Come priorità immediata, bisogna impedire ai terroristi di tradurre il loro ruolo di sicurezza in un’autorità permanente. Per ogni giorno che Hamas gestisce posti di blocco e pattuglia le strade, sale di un gradino quella legittimità che due anni di guerra avrebbero dovuto distruggere. I negoziati quadro devono stabilire tempi chiari e applicabili per il trasferimento delle responsabilità di sicurezza da Hamas alle strutture dei clan, con parametri di riferimento specifici e conseguenze per il mancato rispetto. Un linguaggio vago sui “periodi di transizione” fornisce ad Hamas l’ambiguità necessaria per trasformare l’accomodamento tattico in vittoria strategica.

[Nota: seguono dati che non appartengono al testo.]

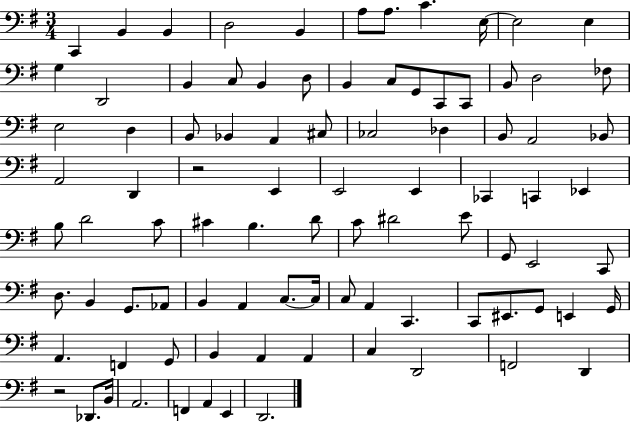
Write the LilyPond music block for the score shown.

{
  \clef bass
  \numericTimeSignature
  \time 3/4
  \key g \major
  c,4 b,4 b,4 | d2 b,4 | a8 a8. c'4. e16~~ | e2 e4 | \break g4 d,2 | b,4 c8 b,4 d8 | b,4 c8 g,8 c,8 c,8 | b,8 d2 fes8 | \break e2 d4 | b,8 bes,4 a,4 cis8 | ces2 des4 | b,8 a,2 bes,8 | \break a,2 d,4 | r2 e,4 | e,2 e,4 | ces,4 c,4 ees,4 | \break b8 d'2 c'8 | cis'4 b4. d'8 | c'8 dis'2 e'8 | g,8 e,2 c,8 | \break d8. b,4 g,8. aes,8 | b,4 a,4 c8.~~ c16 | c8 a,4 c,4. | c,8 eis,8. g,8 e,4 g,16 | \break a,4. f,4 g,8 | b,4 a,4 a,4 | c4 d,2 | f,2 d,4 | \break r2 des,8. b,16 | a,2. | f,4 a,4 e,4 | d,2. | \break \bar "|."
}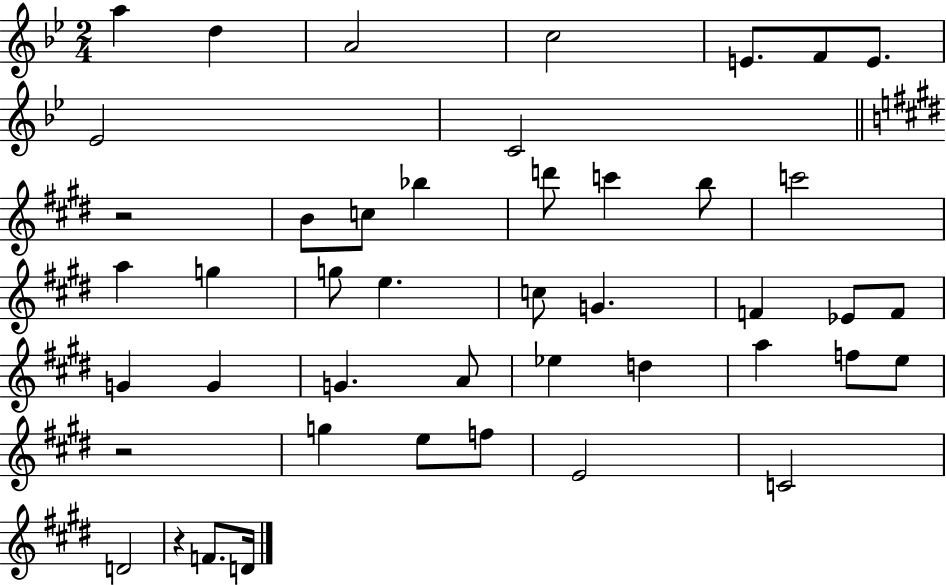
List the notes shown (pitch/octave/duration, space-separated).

A5/q D5/q A4/h C5/h E4/e. F4/e E4/e. Eb4/h C4/h R/h B4/e C5/e Bb5/q D6/e C6/q B5/e C6/h A5/q G5/q G5/e E5/q. C5/e G4/q. F4/q Eb4/e F4/e G4/q G4/q G4/q. A4/e Eb5/q D5/q A5/q F5/e E5/e R/h G5/q E5/e F5/e E4/h C4/h D4/h R/q F4/e. D4/s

L’architettura clanica di Gaza rappresenta l’unica alternativa palestinese praticabile in grado di garantire sicurezza immediata, capacità amministrativa e gestione economica senza estremismi ideologici. Il loro profondo radicamento nel tessuto sociale di Gaza, la comprovata capacità operativa durante il conflitto e l’orientamento pragmatico alla prosperità piuttosto che alla resistenza perpetua li rendono partner indispensabili per prevenire la rinascita di Hamas. La comunità internazionale deve superare il proprio disagio nei confronti delle strutture di autorità tradizionali e riconoscere che, nell’attuale realtà di Gaza, la scelta non è tra soluzioni ideali e di compromesso, ma tra obiettivi gestibili con la governance dei clan e una catastrofe garantita con la ricostituzione di Hamas.
Il costo del fallimento si estende oltre i confini di Gaza. Se Hamas riuscirà a trasformare il suo ruolo temporaneo di sicurezza in un’autorità permanente, il precedente avallerà il terrorismo come strategia vincente a lungo termine per qualsiasi organizzazione in grado di sopravvivere alla pressione militare.